A common question is whether a PAGCOR license is required for prize giveaways and raffles. The answer is: usually, ordinary promotional raffles and consumer giveaways do not require a PAGCOR gaming license if they are legitimate sales promotions and not gambling operations. However, they may require a sales promotion permit from the Department of Trade and Industry, and in some cases may fall under other regulators depending on their mechanics.

PAGCOR becomes relevant when the activity involves games of chance, gambling, gaming operations, betting, wagering, casinos, online gaming, or games where participants pay consideration for a chance to win prizes in a manner resembling regulated gaming.

This article discusses the Philippine legal framework, the distinction between lawful promotions and gambling, when PAGCOR may be involved, DTI sales promotion permits, raffle mechanics, online giveaways, influencer promotions, penalties, and practical compliance steps.


II. Key Legal Concepts

A. Giveaway

A giveaway is generally a marketing activity where a person or business gives prizes, products, vouchers, cash, or other benefits to selected recipients.

Giveaways may be:

  1. Purely gratuitous, where participants pay nothing and are chosen by the organizer;
  2. Promotional, where entry is tied to buying a product, following a page, sharing content, or registering;
  3. Contest-based, where winners are selected based on skill, creativity, merit, or judging criteria;
  4. Chance-based, where winners are selected randomly.

The legal treatment depends on whether there is consideration, chance, and prize.

B. Raffle

A raffle is usually a chance-based promotion where participants receive entries, tickets, codes, or chances to win a prize through a random draw.

Raffles may be lawful when conducted as approved sales promotions, charitable fundraising activities, or private promotions that comply with applicable rules. They may become problematic when they resemble an unauthorized lottery or gambling activity.

C. Lottery, Gambling, and Game of Chance

A promotion may be considered gambling or lottery-like if it contains the traditional elements of:

  1. Prize — something of value may be won;
  2. Chance — the winner is selected by luck or random draw;
  3. Consideration — the participant pays money or gives something of value for the chance to win.

Where all three are present, the activity may be treated as gambling, lottery, or a regulated game of chance unless authorized by law.

This is why many lawful promotional campaigns include a “no purchase necessary” or free-entry mechanism, or structure the activity as a DTI-approved sales promotion rather than a gambling operation.


III. What Is PAGCOR?

The Philippine Amusement and Gaming Corporation, or PAGCOR, is the government-owned and controlled corporation primarily responsible for regulating and operating certain gaming and gambling activities in the Philippines.

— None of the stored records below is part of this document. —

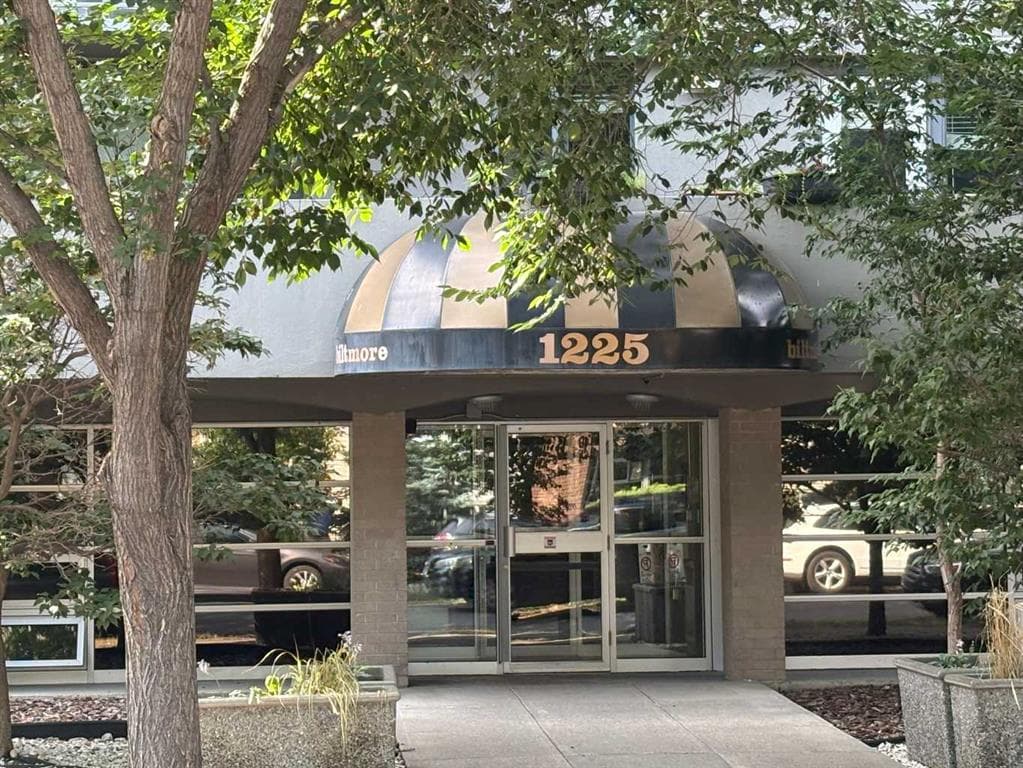 2-bed Apartment for sale at 305, 1225 15 Avenue SW, Calgary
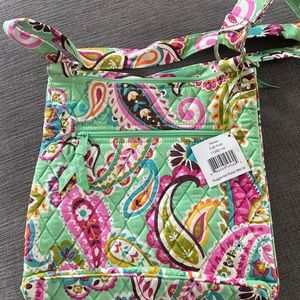 Vera Bradley -hipster,  RETRED -Tutti Frutti  pattern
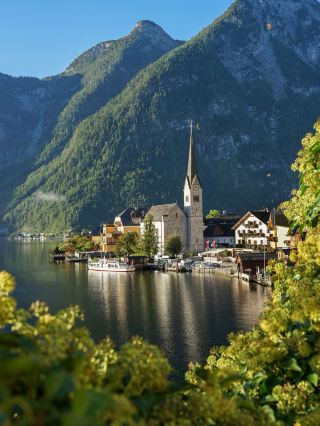 Hallstatt: Fairytale Austria’s Dreamy Lakeside Village 🏔️💙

PAGCOR’s regulatory scope generally includes casinos, gaming establishments, electronic gaming, online gaming under applicable Philippine rules, gaming service providers, junket operations, and other activities classified as gaming or gambling within its authority.

PAGCOR is not the ordinary regulator for every marketing raffle or consumer giveaway. Its concern is whether the activity is, in substance, a gambling or gaming activity.

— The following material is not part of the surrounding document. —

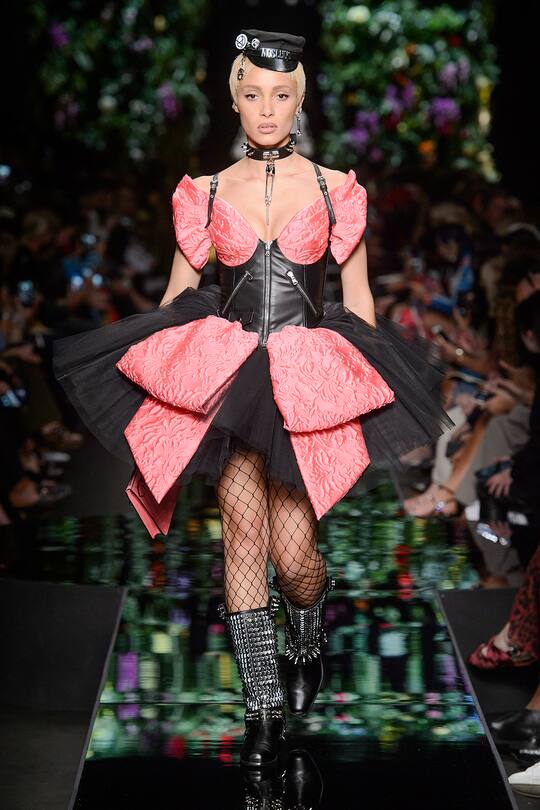 Runway-Bild der Moschino Frühjahr/Sommer 2018 Show in Mailand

IV. Does a Prize Giveaway or Raffle Require a PAGCOR License?

General Rule

A standard commercial giveaway, raffle, or sales promotion does not usually require a PAGCOR gaming license when it is merely a promotional activity conducted to advertise goods, services, or a brand, and it does not constitute gambling.

However, the activity may require a DTI sales promotion permit if it is a sales promotion campaign directed to consumers.

When PAGCOR Is Usually Not Required

PAGCOR licensing is usually not required where:

  1. The raffle is a consumer promotion connected with the sale or marketing of legitimate products or services;
  2. The organizer is not operating a gambling business;
  3. Participants are not wagering or betting;
  4. The activity is not a casino game, electronic gaming activity, online betting activity, sportsbook, bingo operation, or similar regulated gaming product;
  5. The promotion is approved, where required, by the proper agency such as the DTI;
  6. There is no separate payment solely for the chance to win, or a free-entry option is provided;
  7. The activity is incidental to marketing and not the main revenue-generating product.

When PAGCOR May Be Required

PAGCOR may become relevant where the activity involves:

  1. Betting or wagering;
  2. Paid participation for a chance-based prize;
  3. Casino-style games;
  4. Online gambling or gaming;
  5. Electronic games of chance;
  6. Bingo, poker, slot-machine-style games, roulette, baccarat, blackjack, sportsbook, or similar activities;
  7. A platform that regularly offers prize games funded by entry fees;
  8. Randomized prize mechanics that are the main commercial product;
  9. Paid digital tokens, credits, coins, or entries used to participate in games of chance;
  10. A promotion that is essentially a lottery or gambling operation disguised as a giveaway.

The name used by the organizer is not controlling. Calling something a “promo,” “raffle,” “giveaway,” “campaign,” or “game” does not prevent regulators from examining its substance.


V. DTI Sales Promotion Permits

For most commercial giveaways and raffles, the more relevant regulator is the Department of Trade and Industry.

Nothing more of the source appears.